French fuel strikes pose threat to Euro 2016 with petrol stations running dry

President Hollande forced to deny his country faces a ‘May revolution’, comparable to the students and workers’ revolt of May 1968

 Workers on strike block the access to the harbour of Saint-Nazaire, western France
Workers on strike block the access to the harbour of Saint-Nazaire, western France

A collision between the French government and the country’s largest union federation threatens to paralyse the country two weeks before the Euro 2016 football championship.

One quarter of all French petrol stations were closed or running short of fuel after the militant CGT union federation blockaded refineries and depots in a dispute over reforms of employment law.

After the government sent in riot police to clear pickets from a large refinery near Marseille, the union federation retaliated by calling for strikes in all eight of the country’s refineries.

The Confédération Générale du Travail (CGT) – the largest and oldest of the eight multi-industry trades union federations in France – has also called for an open-ended strike on the Paris Metro from next Thursday and a strike on the French railways from next Thursday.
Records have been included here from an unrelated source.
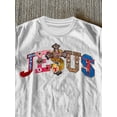 thumbnail image 3 of Religious Faith, Multi-Color Gemstone Cross & Jesus Graphic Print Women Crew Neck T-Shirt, 3 of 4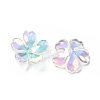 Transparent Acrylic Flower Bead Caps X-MACR-C009-13-2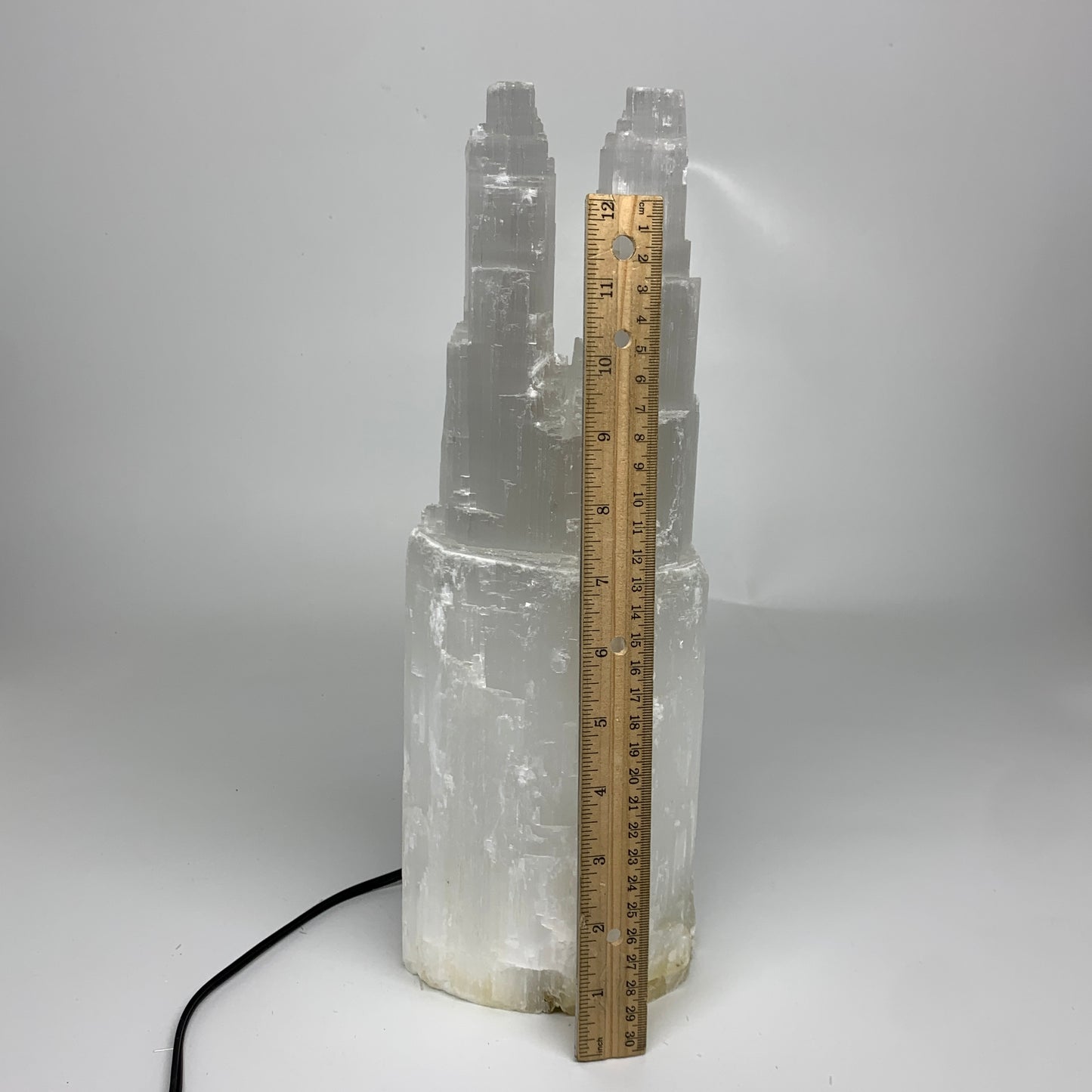 9.2 lbs, 13.7"x4.8"x3.7" Rough Selenite (Satin Spar) Lamp Tower W/Chord, B35776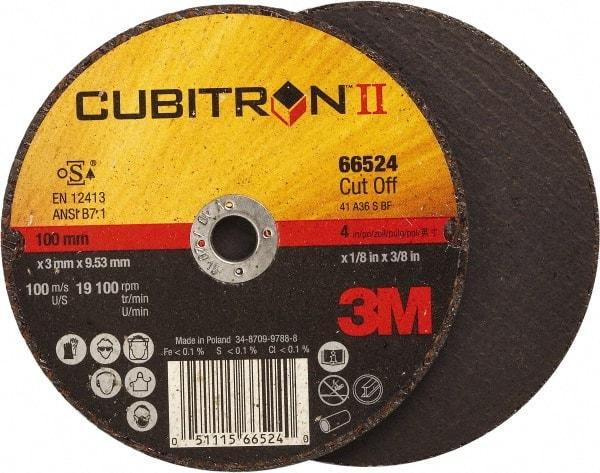 3M - 4" 36 Grit Ceramic Cutoff Wheel - 1/8" Thick, 3/8" Arbor, 19,100 Max RPM, Use with Angle Grinders - Exact Industrial Supply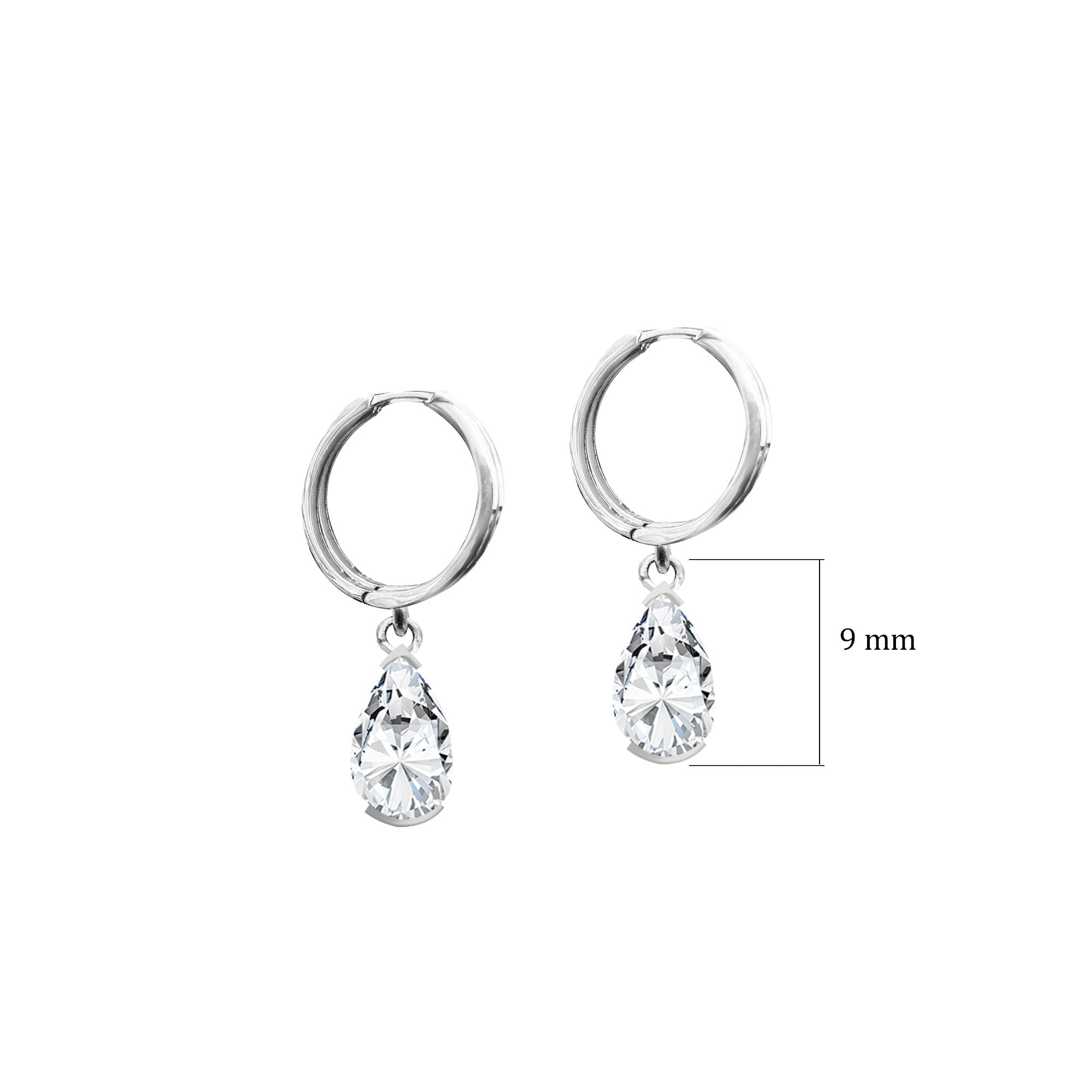 Zirkon Taşlı Damla Kesim Sallantılı Gümüş Küpe SSDAMLA08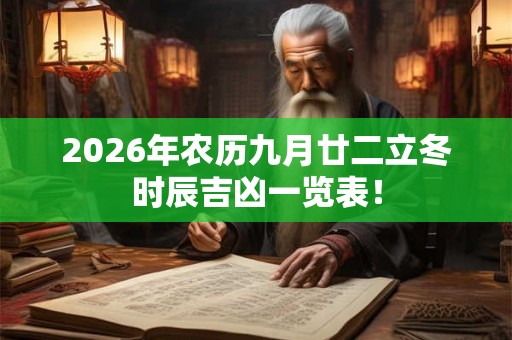 2026年农历九月廿二立冬时辰吉凶一览表！
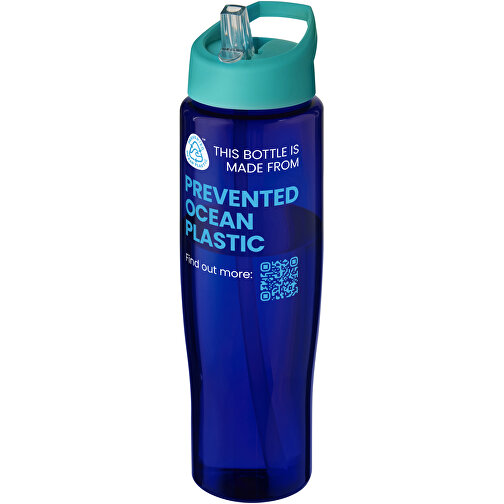 H2O Active® Eco Tempo 700 Ml Sportflasche Mit Ausgussdeckel , aquablau / blau, PCR Kunststoff, PP Kunststoff, 23,40cm (Höhe), Bild 2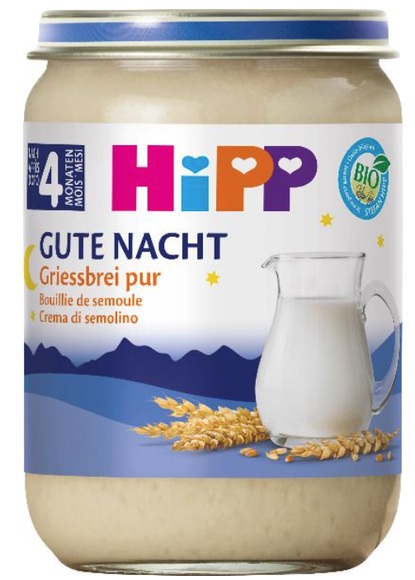 Hipp Bio Gute Nacht Brei Griessbrei pur 4+ Monate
CGT has also called for a one-day strike in power stations on Thursday. CGT also called a strike by air traffic controllers for three days the weekend after next, the weekend before the football tournament begins.

Police car burnt by protestors during demonstration in Paris

Motorists in large parts of the country, especially in Paris, the west and the north, had to queue or drive for many miles to find petrol. In one typical small town in Normandy, Thury-Harcourt, both petrol stations were dry this morning, resupplied during the day, but dry again by the evening.

The government blamed the shortages on panic buying by motorists and said that – despite the strikes and blockages – normal supplies of fuel were available.

Motorists queuing at a petrol station in Combourg, western France 

Stations which had fuel were ordered by the government to limit motorists to €30 (£23) of petrol or diesel each.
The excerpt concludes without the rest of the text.